Exercise:
Pictures aside, repeat every entry exactly.

Entries supplied:

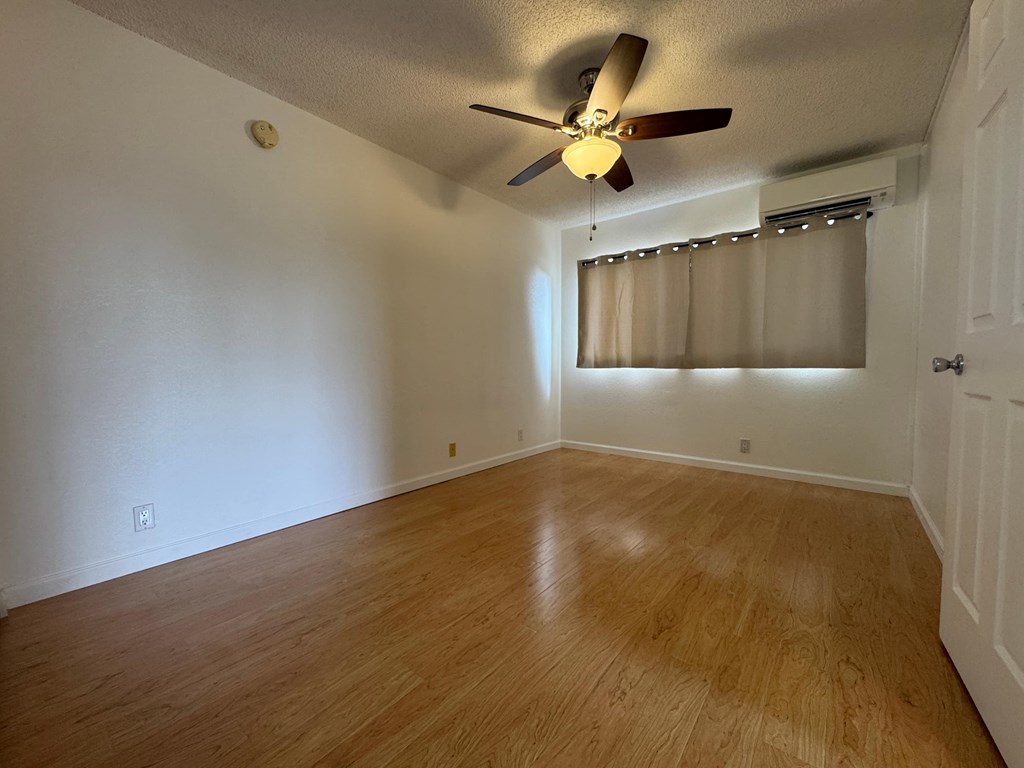 A room with a ceiling fan and wooden flooring.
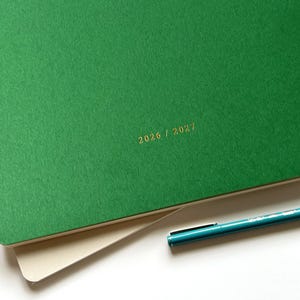 May include: A green notebook with the gold text "2026 / 2027" printed on the cover. A teal pen rests on the corner of the notebook. The notebook is open, revealing a cream-colored page.
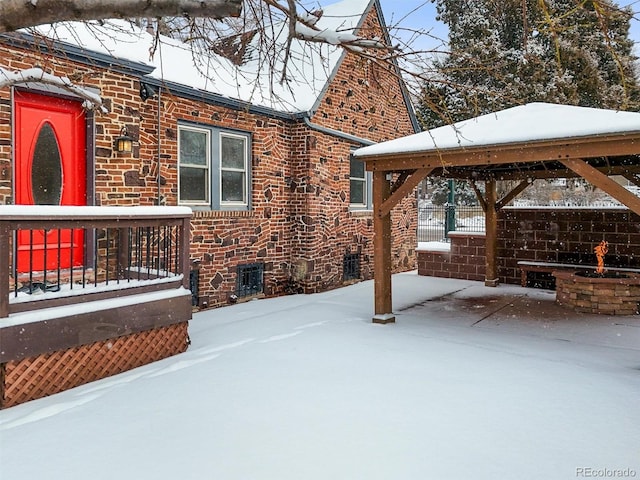 snow covered patio with a gazebo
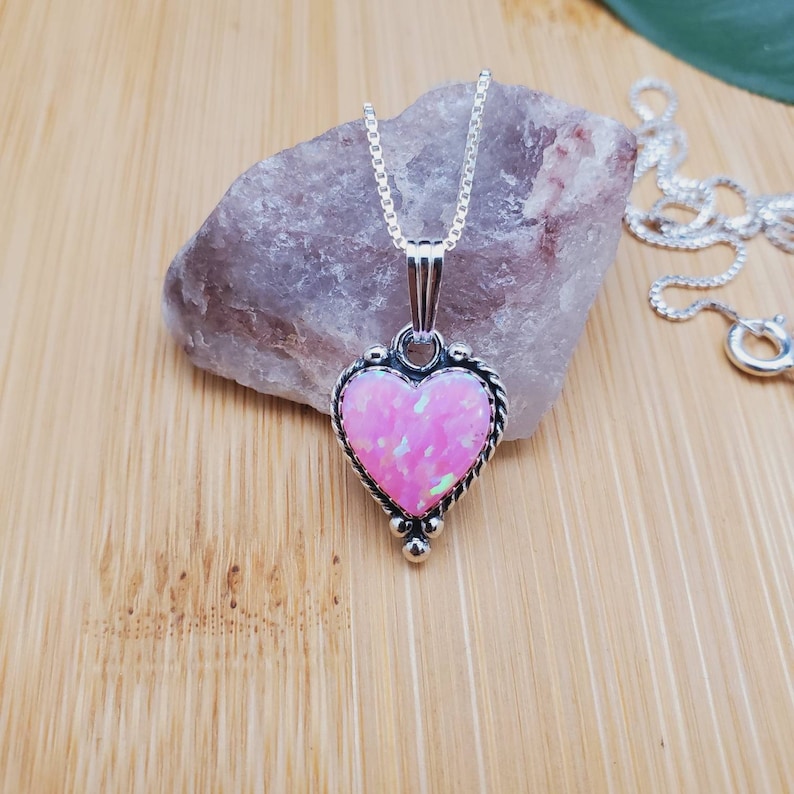 May include: A silver heart-shaped pendant necklace with a pink opal gemstone. The pendant has a delicate, ornate design and is set on a silver chain.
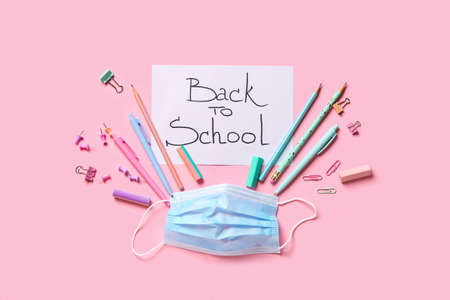 Paper with text BACK TO SCHOOL, stationery and medical mask on color backgroundの写真素材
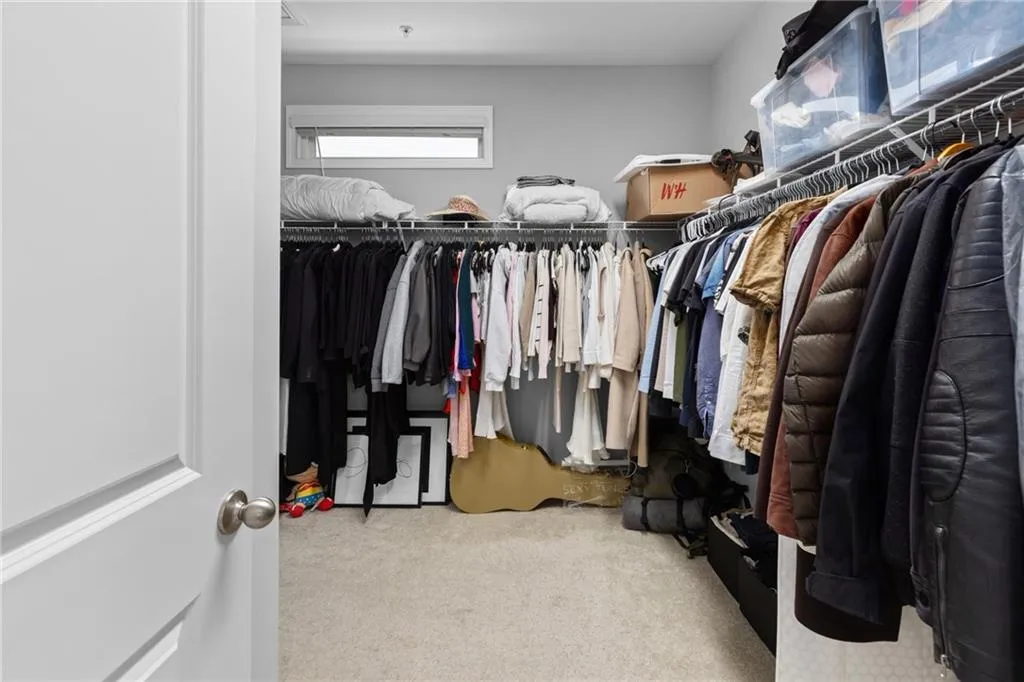 Spacious closet with light colored carpet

Completed exercise:
 A room with a ceiling fan and wooden flooring.
 May include: A green notebook with the gold text "2026 / 2027" printed on the cover. A teal pen rests on the corner of the notebook. The notebook is open, revealing a cream-colored page.
 snow covered patio with a gazebo
 May include: A silver heart-shaped pendant necklace with a pink opal gemstone. The pendant has a delicate, ornate design and is set on a silver chain.
 Paper with text BACK TO SCHOOL, stationery and medical mask on color backgroundの写真素材
 Spacious closet with light colored carpet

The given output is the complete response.